My understanding is, yes, there's a chance, although the circumstances will make it tough. At 3-4, the Jets fall into that gray area between "buyer" and "seller." They don't want to give up on the season -- see: New York Giants -- but they also don't want to compromise their future by trading draft picks for a short-term fix. Basically, they're in no-man's land.
That said, Maccagnan & Co. are working the phones, as usual. They check out everything, including the big names. Remember the Le'Veon Bell flirtation, which lasted about a minute? Because of injuries, they're sniffing around the wide-receiver market, although it's hard to imagine them giving up something of value for, say, Demaryius Thomas. If anything, they'd probably look for a street free agent, perhaps Brice Butler, whom they worked out a few days ago. There's always the Terrelle Pryor option, when he's healthy.
The Jets don't have many players in demand. Some of their top players are either injured or have contracts that are cap-heavy and can't be traded. I checked with two personnel executives from other teams, and they said the only players with trade appeal (healthy with movable contracts) are defensive end Leonard Williams, linebacker Darron Lee and running back Isaiah Crowell. I don't see the Jets trading any of those players.
If the Jets do a deal, it would be something that helps them now and in the future. Cap room, of course, is no issue. I'd be surprised if something gets done, but, hey, you never know with Trader Mike. A year ago, coach Todd Bowles was caught off guard when he learned from the media that Robinson had been acquired. The outcome of Sunday's game could factor into the game plan. A 4-4 record looks a lot different than 3-5.
2. Small (coaching) world: There's a cool back story to the Bowles-Matt Nagy matchup. Nagy's father, Bill, was the defensive-line coach for Elizabeth (New Jersey) High School in the early 1980s, and it had a promising player named Todd Bowles. When Bowles & Co. played a high school championship game at the old Giants Stadium, Matt Nagy -- an infant -- was in the stands.
"His dad is a heck of a guy and I've known [Matt] pretty much, it seems like forever," Bowles said.
Bowles and Matt Nagy coached together on the Philadelphia Eagles' staff in 2012, and Bowles tried to hire him last year as his offensive coordinator, but he was rebuffed by the Kansas City Chiefs.
“When I was raised, the only thing I ever heard about growing up was about this great player named Todd Bowles,” said Nagy, the Chicago Bears' coach. “I got his Topps playing card back in the ’90s when he was with the Redskins. That was one of my first cards I ever got."
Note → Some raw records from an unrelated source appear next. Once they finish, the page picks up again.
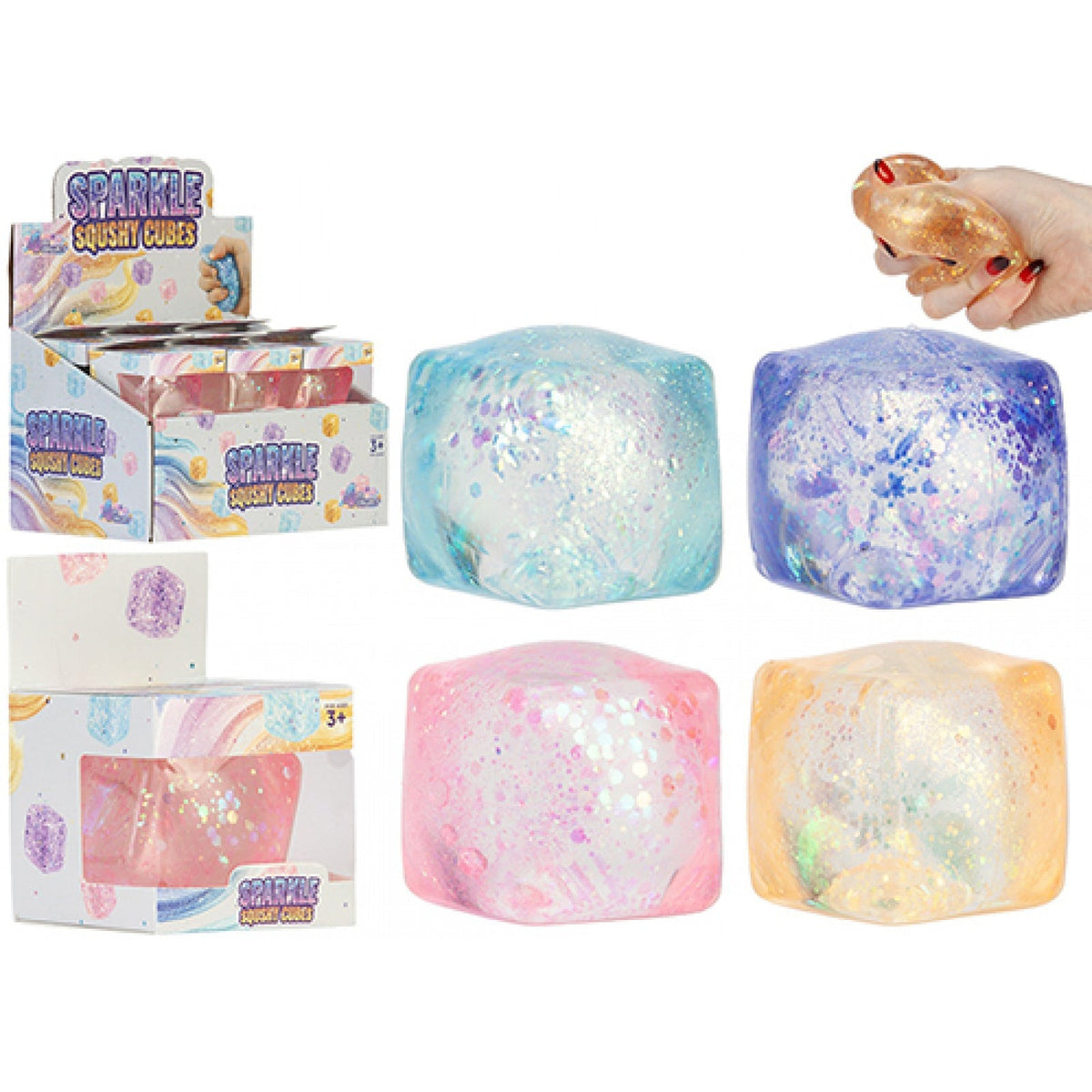 Glitter Maltose Squishy Cube 5cm (Assorted)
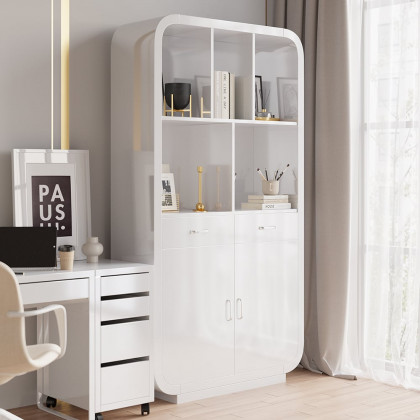 HMR - 79.1" White Bookcase with Doors Modern Etagere Bookcase with Drawers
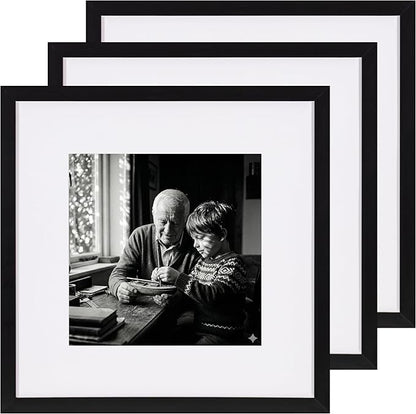 eletecpro Gallery Wall Frame Set of 3, 12x12 Inch Square Black Frames with 8x8 Mat, Scratch-Resistant Finish for Modern Home Decor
3. The quiet man: Bilal Powell is a man of few words, a football grinder who has no interest in seeing his name in the headlines or his face on TV, which makes him a rarity among today's athletes. In the locker room, though, he carries plenty of clout. He's the longest-tenured player on the team and one of the most respected. That's why news of his season-ending neck injury hit hard.
Nose tackle Steve McLendon, a man of many words who often speaks to the team, revealed to me that much of his inspiration comes from Powell, who is only one locker away. McLendon said Powell sometimes texts him nuggets of wisdom that he incorporates into his speeches to the team.
"Most people think the quotes come from me, but I give a lot of that credit to him," McLendon said. "He always uplifted me, every single day."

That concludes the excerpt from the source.